There was that in Harborne's manner which I could not altogether fathom as he evasively replied:
"Leaving the bag for a moment, let me just place the facts before you as they really are, and not as they appear to be. I must confess that, last night, I was more than half inclined to agree with the detectives; and it is eminently probable that but for one thing I should now be in complete agreement with the other investigators--who believe that some huge and unknown insect entered the laboratory and bore away the Professor! When I left you and Doctor Davidson yesterday morning I immediately went in search of Jamieson, and found him--three-parts intoxicated. As you have probably heard, he has since become wholly so, and the detectives have utterly failed to extract a sane word from him. In this respect, therefore, I was first in the field; and from him I obtained the one additional clue needed. About one AM--an hour after Brayme-Skepley had entered the laboratory--Jamieson came to the door of his lodge, and saw a light in the end house of Spindle Lane."
"But surely the police have questioned all the tenants in Spindle Lane?"
"The end house is empty."
"Have they examined it?"
"Certainly. But they merely did so as a matter of form: they had no particular reason for doing so. As a result they found nothing. What there was to find I had found before their arrival on the scene."
"I am afraid I don't altogether follow."
"Wait a minute. When I extracted from the porter the fact that he had seen a light in this house the entire affair immediately assumed a different aspect. The key to the mystery was in my hands. I went round into Spindle Lane, and surveyed the end house from the front. It was evidently empty, for the ground-floor windows were almost without glass.
"As I did not want to take anyone into my confidence at this stage of the proceedings it was impracticable to apply for the key, but upon passing round to the north I found that there was a back door with three stone steps leading up from the water's edge. I looked about for some means of gaining these step
s--for I did not wish to excite attention by getting out a college boat. In the end I jumped for it. I got off badly from the muddy ground, for the rain was coming down in torrents, but, nevertheless, I landed on the bottom step--off which I promptly shot into the river!
"As I was already drenched to the skin this mattered little, and, notwithstanding my condition, a thrill of gratification warmed me on finding the door to be merely latched.
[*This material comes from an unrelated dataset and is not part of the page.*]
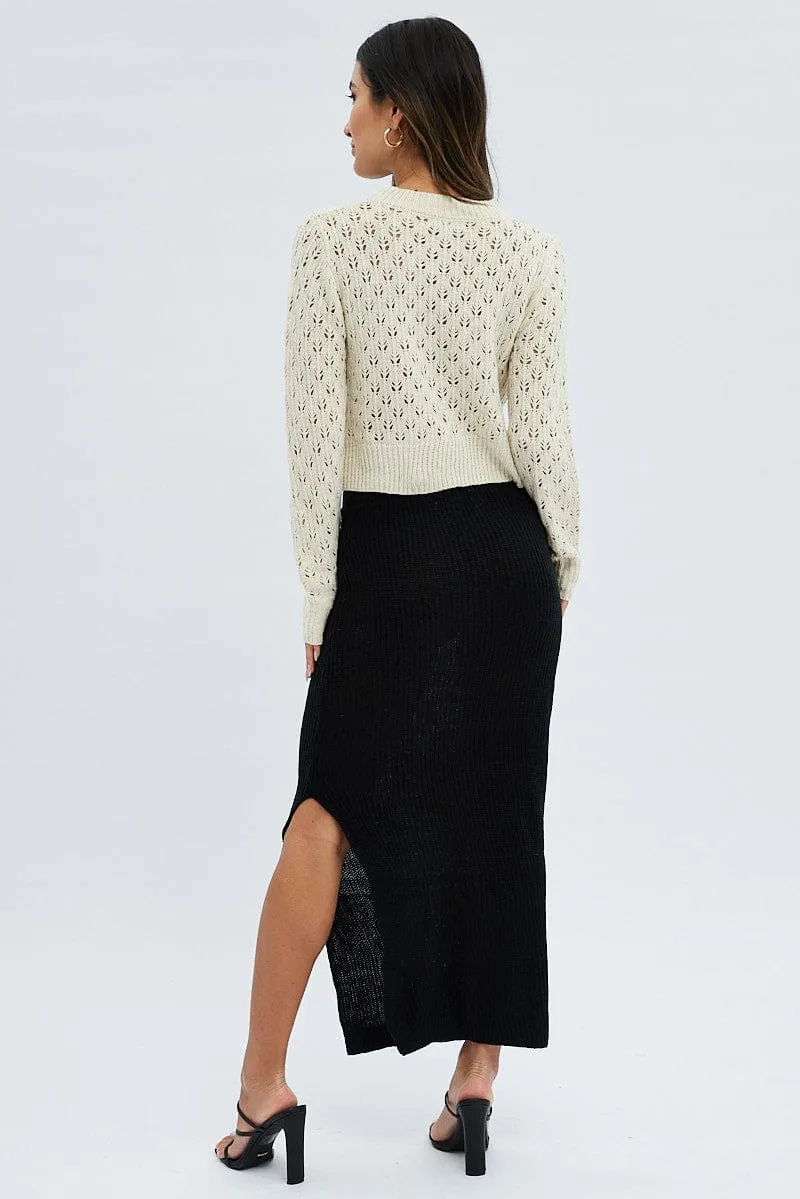Black Knit Midi Skirt sold by Ally Fashion product image thumbnail 5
Just as a party of six which had been scouring the east valley appeared upon the opposite bank I entered, and shut the door behind me."
"Well--what then?"
"I went up to the room overlooking the laboratory--for, although no one seems to have attached any particular importance to the circumstance, from the window of this room you could, if the laboratory window were bigger, easily spring through."
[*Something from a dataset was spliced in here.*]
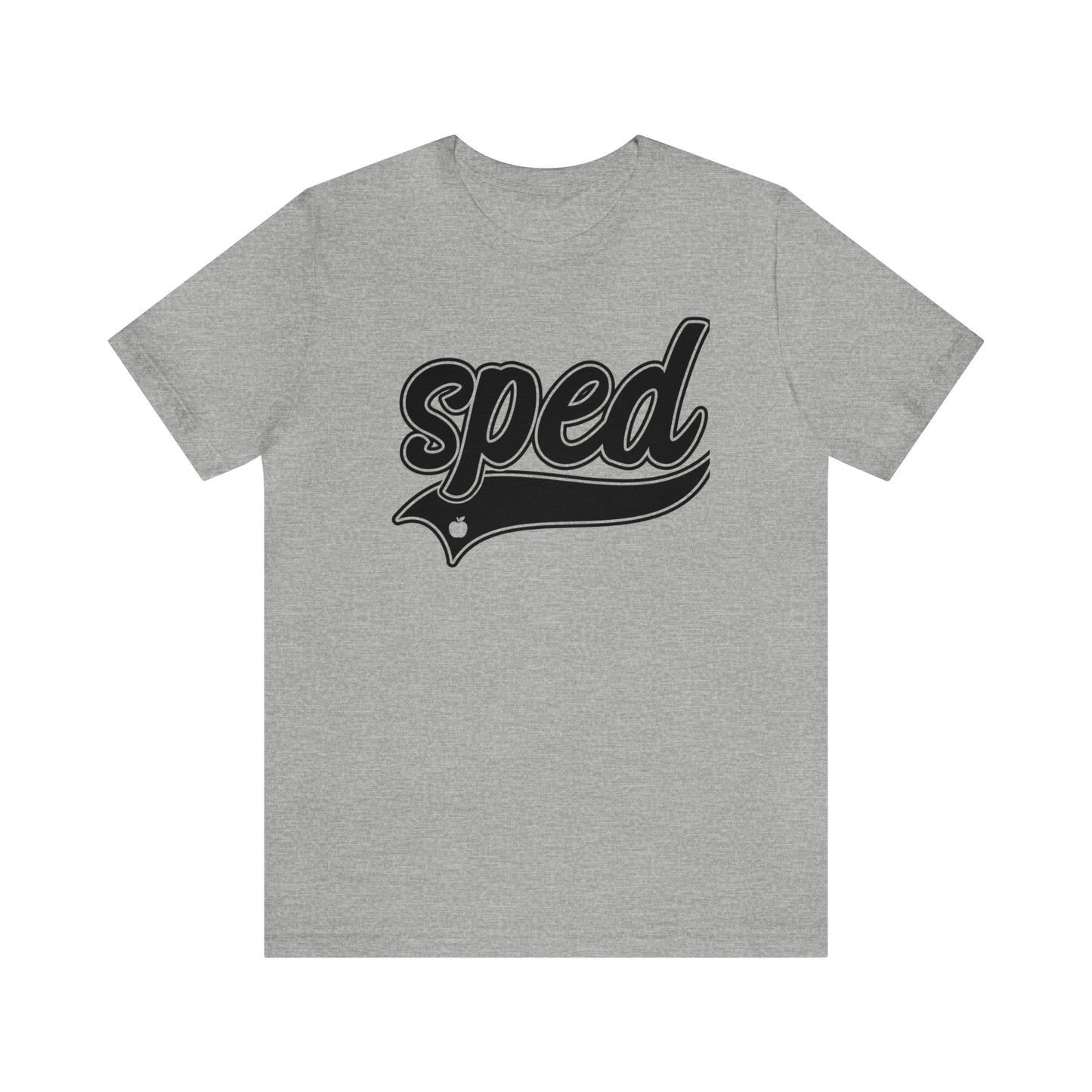 SPED Level School Swoosh Black Print Tee with Apple Logo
"And what did you find there?"
"The origin of the mysterious light."
"Which was?"
"A match! Now, you will agree with me that green spiders do not use matches. Inference: That some human being had been in the room on the night of the murder, and had struck a match, which had been observed by Jamieson. There were also certain marks which considerably mystified me at first. On the thick grime of the window-ledge--inside--it was evident that a board had rested. That is to say, a board had been, for some reason, placed across the room. The mortar had fallen off the wall in one corner, and here I found on the floor an impression as though a box had stood on end there--evidently to support the other extremity of the board.
My next discovery was even more interesting. I found traces of finger-marks--which, by the way, I removed before leaving--on the sill and around the inside of the window-frame. Someone had come in by the window!"
"But I remembered that, until I opened it to investigate, the window had been closed. Therefore the mysterious visitor had closed it behind him. Since his bloodstained finger marks testified to the state of his hands on entering, how had he opened the window from outside--a somewhat difficult operation--and yet left no traces upon the sash? For there were none. I assumed, by way of argument, that he had opened the window from the inside."